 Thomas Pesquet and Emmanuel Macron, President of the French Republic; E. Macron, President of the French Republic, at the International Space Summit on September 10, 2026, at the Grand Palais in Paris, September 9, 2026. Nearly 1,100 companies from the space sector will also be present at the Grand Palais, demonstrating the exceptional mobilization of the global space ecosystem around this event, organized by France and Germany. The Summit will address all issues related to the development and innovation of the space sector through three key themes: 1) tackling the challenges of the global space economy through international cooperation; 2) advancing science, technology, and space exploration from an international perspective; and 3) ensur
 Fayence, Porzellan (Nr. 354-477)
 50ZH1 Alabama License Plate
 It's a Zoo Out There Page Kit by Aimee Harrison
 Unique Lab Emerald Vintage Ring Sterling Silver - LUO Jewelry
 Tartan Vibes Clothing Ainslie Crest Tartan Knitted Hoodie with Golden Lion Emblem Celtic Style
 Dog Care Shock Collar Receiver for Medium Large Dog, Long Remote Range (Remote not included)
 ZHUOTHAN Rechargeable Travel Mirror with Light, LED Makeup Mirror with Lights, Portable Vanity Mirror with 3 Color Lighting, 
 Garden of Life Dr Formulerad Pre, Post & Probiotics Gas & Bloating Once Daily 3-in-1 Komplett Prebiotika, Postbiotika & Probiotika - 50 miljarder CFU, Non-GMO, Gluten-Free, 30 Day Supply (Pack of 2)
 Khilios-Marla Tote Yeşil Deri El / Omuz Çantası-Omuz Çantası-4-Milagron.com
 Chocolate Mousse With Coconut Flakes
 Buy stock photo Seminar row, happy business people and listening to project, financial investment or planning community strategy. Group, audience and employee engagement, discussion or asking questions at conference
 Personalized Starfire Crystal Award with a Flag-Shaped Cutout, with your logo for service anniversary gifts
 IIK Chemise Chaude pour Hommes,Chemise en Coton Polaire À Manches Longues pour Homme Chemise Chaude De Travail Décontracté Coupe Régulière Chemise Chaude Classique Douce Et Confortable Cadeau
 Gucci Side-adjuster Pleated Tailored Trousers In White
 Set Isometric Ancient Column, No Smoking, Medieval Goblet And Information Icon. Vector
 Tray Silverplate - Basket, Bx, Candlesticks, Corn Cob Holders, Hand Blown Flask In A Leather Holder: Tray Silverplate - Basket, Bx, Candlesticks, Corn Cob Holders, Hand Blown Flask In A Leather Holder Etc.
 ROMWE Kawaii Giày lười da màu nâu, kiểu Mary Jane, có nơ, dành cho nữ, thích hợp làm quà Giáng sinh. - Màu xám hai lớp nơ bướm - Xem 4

********

(What needs to be done): Would you please repeat, exactly as written, the lines from the one containing "Leather Holder Etc." through the end of the listing above, including both, and only those?

(Answer box):
 Tray Silverplate - Basket, Bx, Candlesticks, Corn Cob Holders, Hand Blown Flask In A Leather Holder: Tray Silverplate - Basket, Bx, Candlesticks, Corn Cob Holders, Hand Blown Flask In A Leather Holder Etc.
 ROMWE Kawaii Giày lười da màu nâu, kiểu Mary Jane, có nơ, dành cho nữ, thích hợp làm quà Giáng sinh. - Màu xám hai lớp nơ bướm - Xem 4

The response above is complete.